» **Available data**:

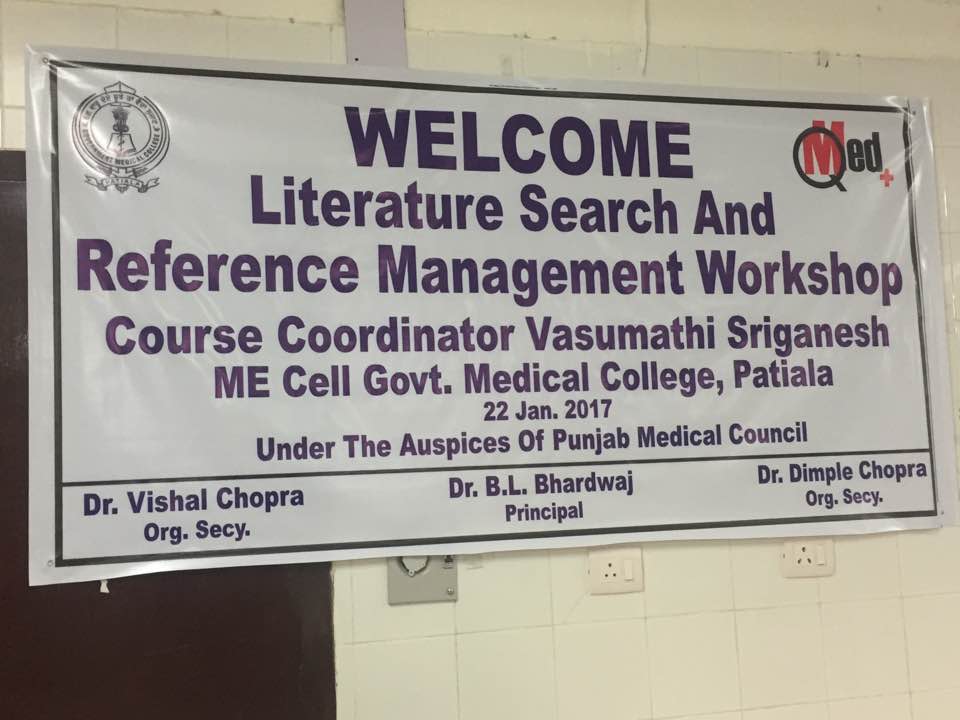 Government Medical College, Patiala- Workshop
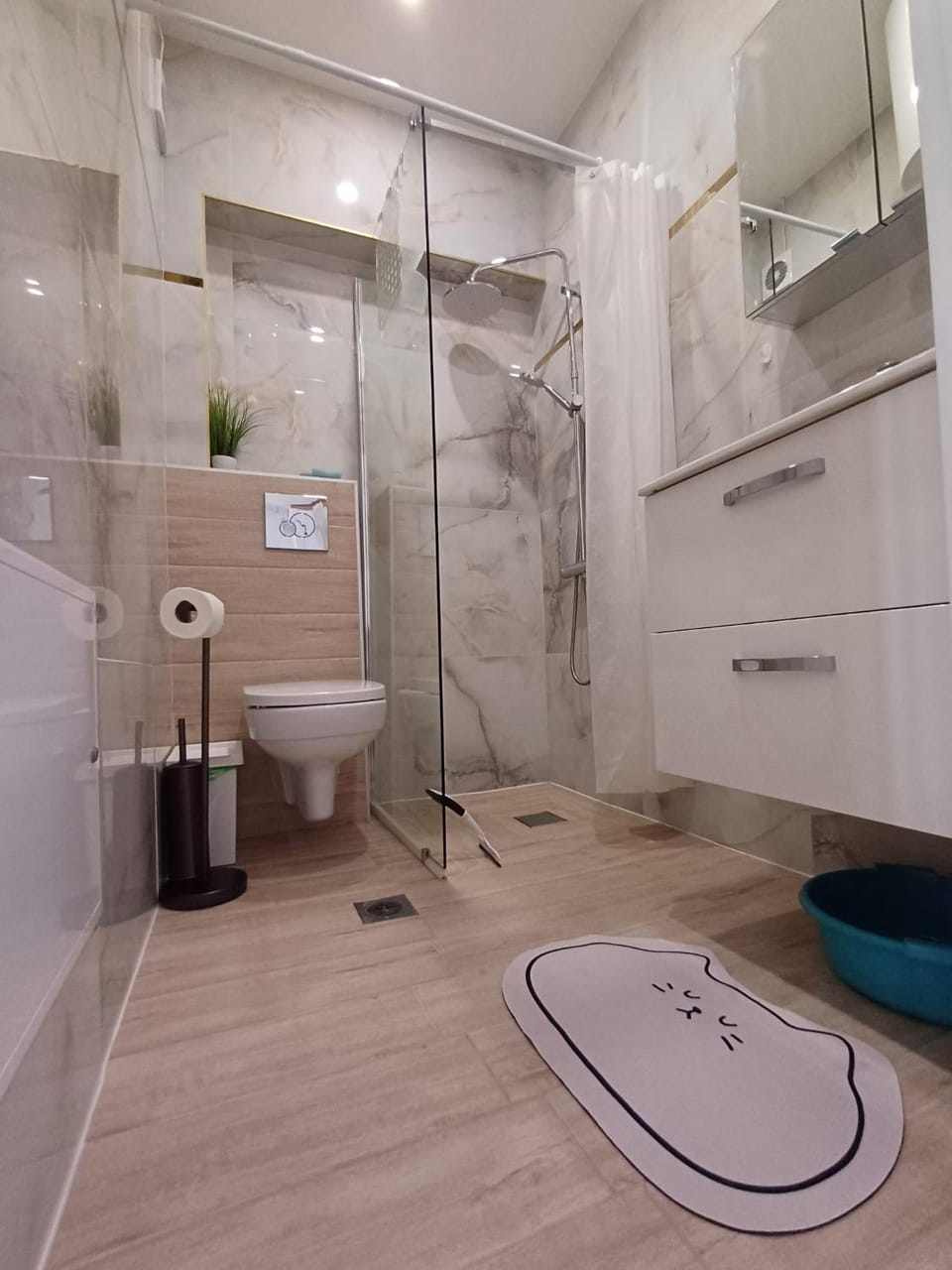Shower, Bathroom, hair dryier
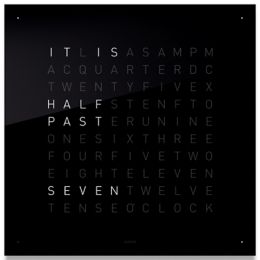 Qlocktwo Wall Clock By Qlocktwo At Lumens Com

» **Instructions to follow**: Reproduce every line of the material precisely, omitting its pictures.

» **Expected answer**:
 Government Medical College, Patiala- Workshop
Shower, Bathroom, hair dryier
 Qlocktwo Wall Clock By Qlocktwo At Lumens Com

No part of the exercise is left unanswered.